Na maioria dos casos, são responsabilizadas por furtos. Esse é o delito mais comum. Não extremamente grave, mas suficiente para facultar o almejado asilo.
A cadeia proporciona o que de básico se necessita para uma subsistência condigna: alimento, aquecimento, banho, companhia, medicação e outros cuidados de saúde, teto e colchão.
Muitas reclusas não querem abandonar a cadeia, mesmo depois da pena cumprida. Mostram-se até dispostas a pagar uma pequena mensalidade (que de muita verba não dispõem) para lá poderem permanecer até ao fim das suas vidas.
Acresce que, em muitos casos, não têm ninguém à espera, abertas que sejam as portas da reclusão. A família não está lá fora. Os amigos também não. Oportunidades de vida com dignidade, nem tão pouco.
Também se fala de reincidentes: postas fora das grades, algumas senhoras voltam a prevaricar, a fim de serem reconduzidas aos cubículos prisionais de onde se viram forçadas a sair, por pena já cumprida.
Neste estranho fenómeno que estamos a ressaltar, tudo se conjuga: o frio e a fome, o envelhecimento e a solidão, a indiferença e a depressão, a tristeza e o abandono, a humanidade descartada e a insensibilidade comum, a já não utilidade e a valeta.
Se na atualidade as coisas assim se mostram, projeções para o futuro, com tanto isolamento nos quartos e diante do computador, com tanto egoísmo, egocentrismo, insensibilidade, envelhecimento da população, acréscimo exponencial de filhos únicos… o futuro, dizíamos, não se pinta risonho…
Felizmente entre nós este fenómeno é mitigado pelas instituições de que dispomos e que o contrariam. Refiro-me, sobretudo, às Instituições de Solidariedade Social, na maioria dos casos ligadas às paroquias. Para elas, para quantos nelas labutam, aqui deixo uma palavra de subido louvor, de vivo agradecimento.

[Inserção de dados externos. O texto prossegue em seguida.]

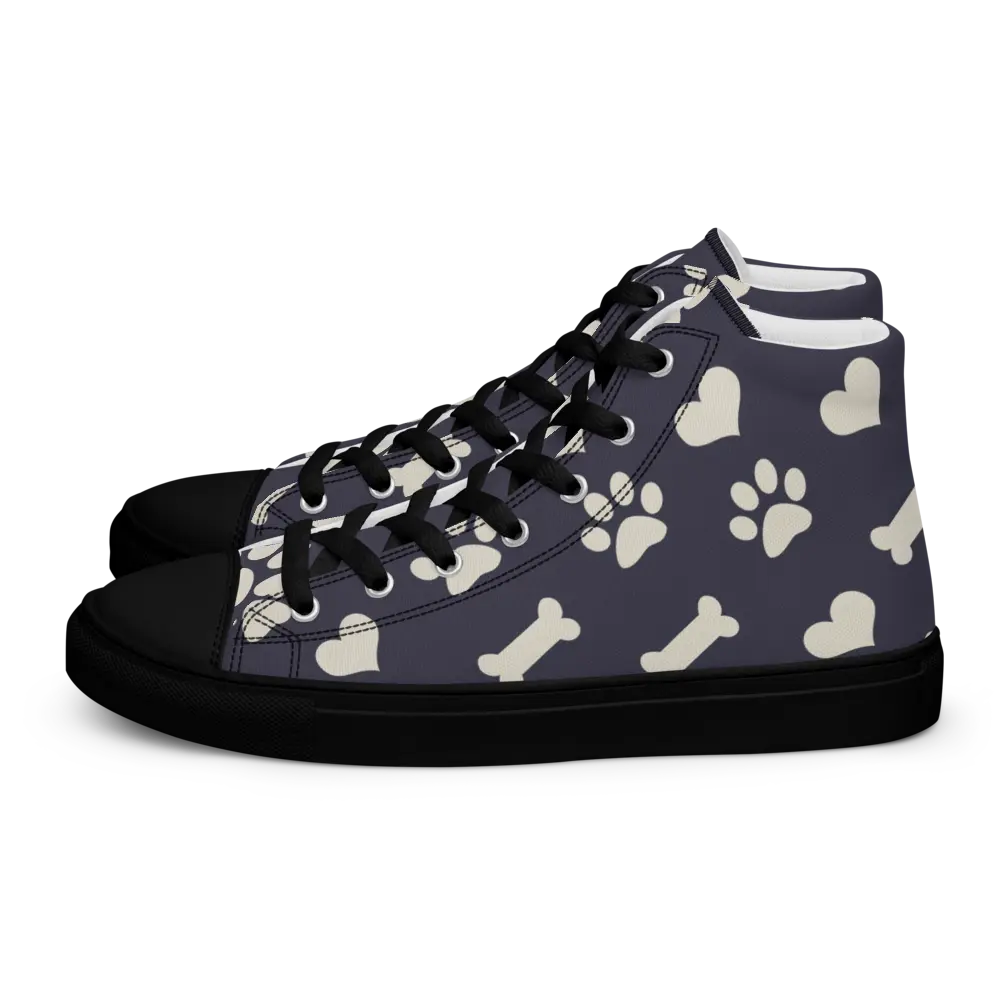 Bones and Paws Purple Women’s high top canvas shoes - 4Legz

Sei que – como acertadamente escrevia José Luís Martin Descalzo, uma árvore que cai faz mais barulho que milhares de árvores que no silêncio crescem. Tanto estardalhaço com o mal que a Igreja pratica. Mas isso não tira o enorme, incomensurável, perene e silencioso bem que a mesma Igreja realiza nessas casas mais bonitas que as grades, mais humanas que as algemas, mais arejadas que as trancadas à liberdade.
Obrigado, muito obrigado a todos os que, com generosidade, abnegação, às vezes heroísmo, tornam diferente da nipónica a realidade portuguesa. Obrigado pelos que semeiam presença no meio de tantas ausências. Obrigado a todos os que colocam coração onde tudo já mirrou. Obrigado a todos os que ainda dão sentido à vida daqueles que já não constam na lista dos recursos humanos de uma empresa de vanguarda.

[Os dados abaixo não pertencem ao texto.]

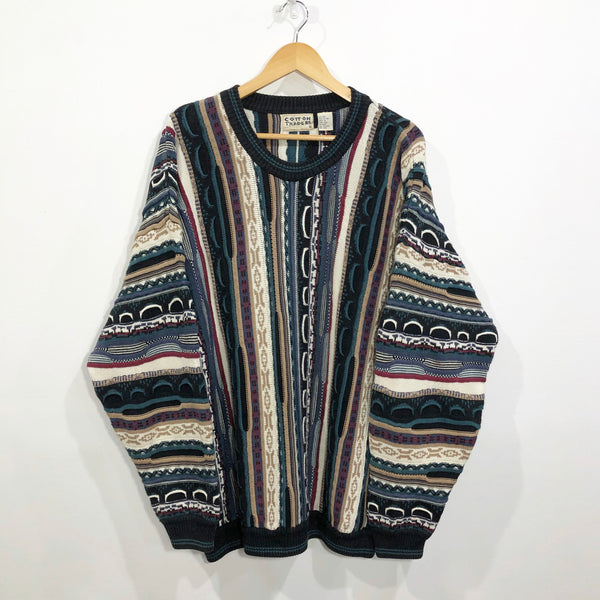 Vintage Cotton Traders Heavy Cable Knit Sweater (2XL)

Por contraste à solidão, ao abandono, à tristeza, ouso relembrar um episódio bíblico: sabendo das dificuldades por que passava sua prima Isabel, grávida e de avançada idade, Maria pôs-se a caminho, dirigiu-se à pressa para a montanha, rumo a uma cidade da Judeia. Foi ao encontro da prima, com ela rejubilou, em tudo ajudou, com ela ficou por três meses, ou seja, durante todo o tempo em que precisava de auxílio.
Por alguma (e tantas razões) conhecemos a nossa Mãe do Céu como Imaculada, tota pulchra, perfeição absoluta, sempre a imitar!